ÇALIŞMA VE SOSYAL GÜVENLİK BAKANI FARUK ÇELİK (Devamla) - "Efendim, varlık barışı ekonominin iyi gitmediği anlamını taşıyor, varlık barışı onun için yapılıyor." diyor ve enteresan, varlık barışının ekonomik kriz dönemlerinde yapılabileceği şeklinde bir yaklaşım ki bakınız, bu sağlıklı bir yaklaşım değil. Siz krize girince mi ekonomide tedbir alacaksınız? Akıl onu gerektirir ki, yönetim onu gerektirir ki kriz süreçleri doğmadan, o ihtimaller hiç yokken ve o ihtimalleri gündeme getirmeyecek önlemleri almanız, ekonomide bir yönetim var anlayışını ortaya koyar. Zaten on bir yıldır dünyada küresel krizler yaşanmasına rağmen Türkiye'de eğer bu sorunlar diğer ülkelerde yaşandığı boyutlarda hiç yaşanmıyor ise...

OKTAY VURAL (İzmir) - Nasıl yaşanmıyor yahu?

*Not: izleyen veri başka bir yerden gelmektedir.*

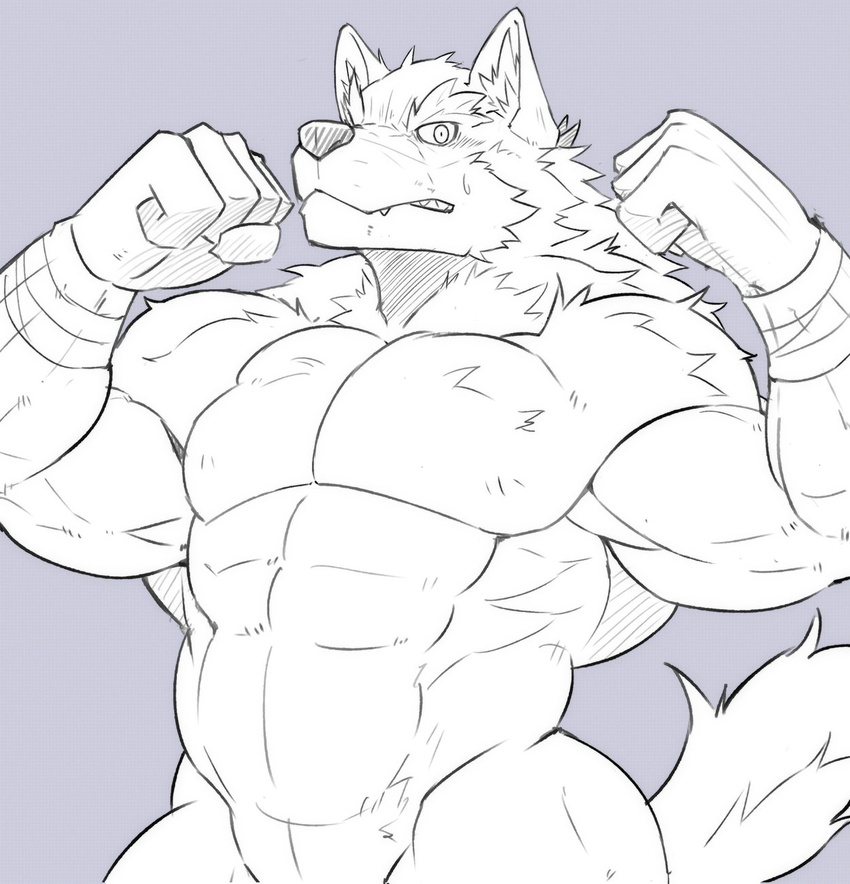2017 abs anthro biceps big_muscles canine male mammal monochrome muscular muscular_male nude pecs simple_background urakata5x wolf
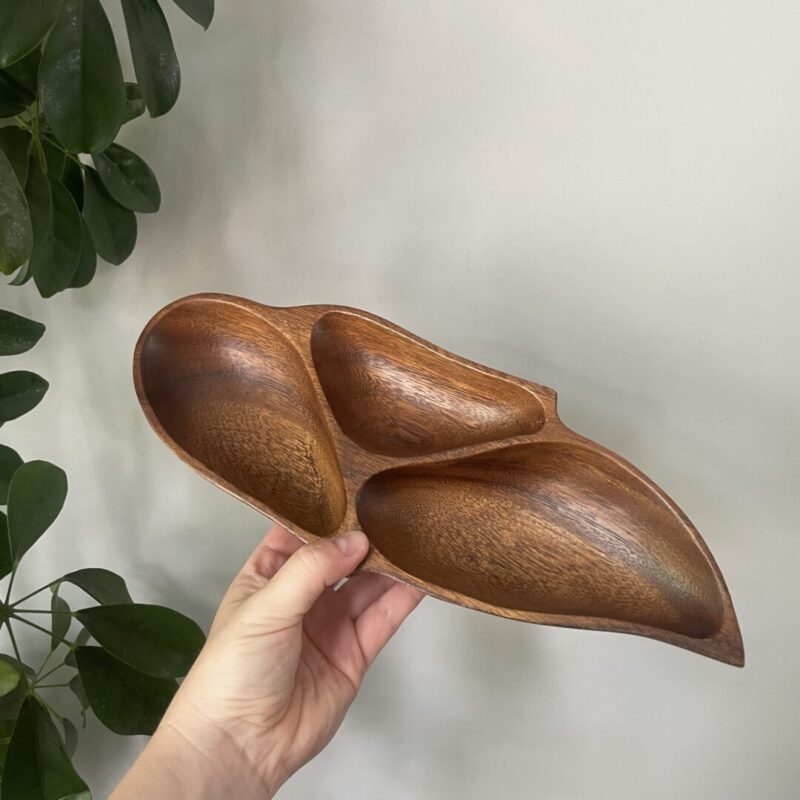 Vintage houten snackschaal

NECATİ ÖZENSOY (Bursa) - 57'nci Hükûmete borçlusun, 57'nci Hükûmete!

ÇALIŞMA VE SOSYAL GÜVENLİK BAKANI FARUK ÇELİK (Devamla) - ...bu çok akılcı, çok doğru, kurallara uygun bir ekonomi anlayışının, sürdürülebilir bir ekonomi anlayışının işbaşında olduğunu da net bir şekilde gösteriyor.

"Varlık barışının zamanlaması manidardır." diyorsunuz. Evet, bizce de manidar, aynen buna ben katılıyorum. Şimdi, bakınız, kaynak veya finansman, para, neyse, dışarıda. Şimdi, reel faizler dışarıda eksi. Başka? OECD vergi cenneti ülkelere savaş açmış, bankacılık sistemi yurt dışında sıkıntılı, Türkiye'de güvenli bir ortamda. Şimdi, bu durumda dışarıdaki bu kaynağı içeri çekmek için çok olumlu bir hava yok mu? Var. Manidar, doğru, ben de aynen katılıyorum, arkadaşın dediği gibi. Yani tam zamanıdır varlık barışının gündeme getirilmesinin. Çünkü amaç ne? Dışarıdaki kaynağın, dışarıdaki paranın içeri girmesidir.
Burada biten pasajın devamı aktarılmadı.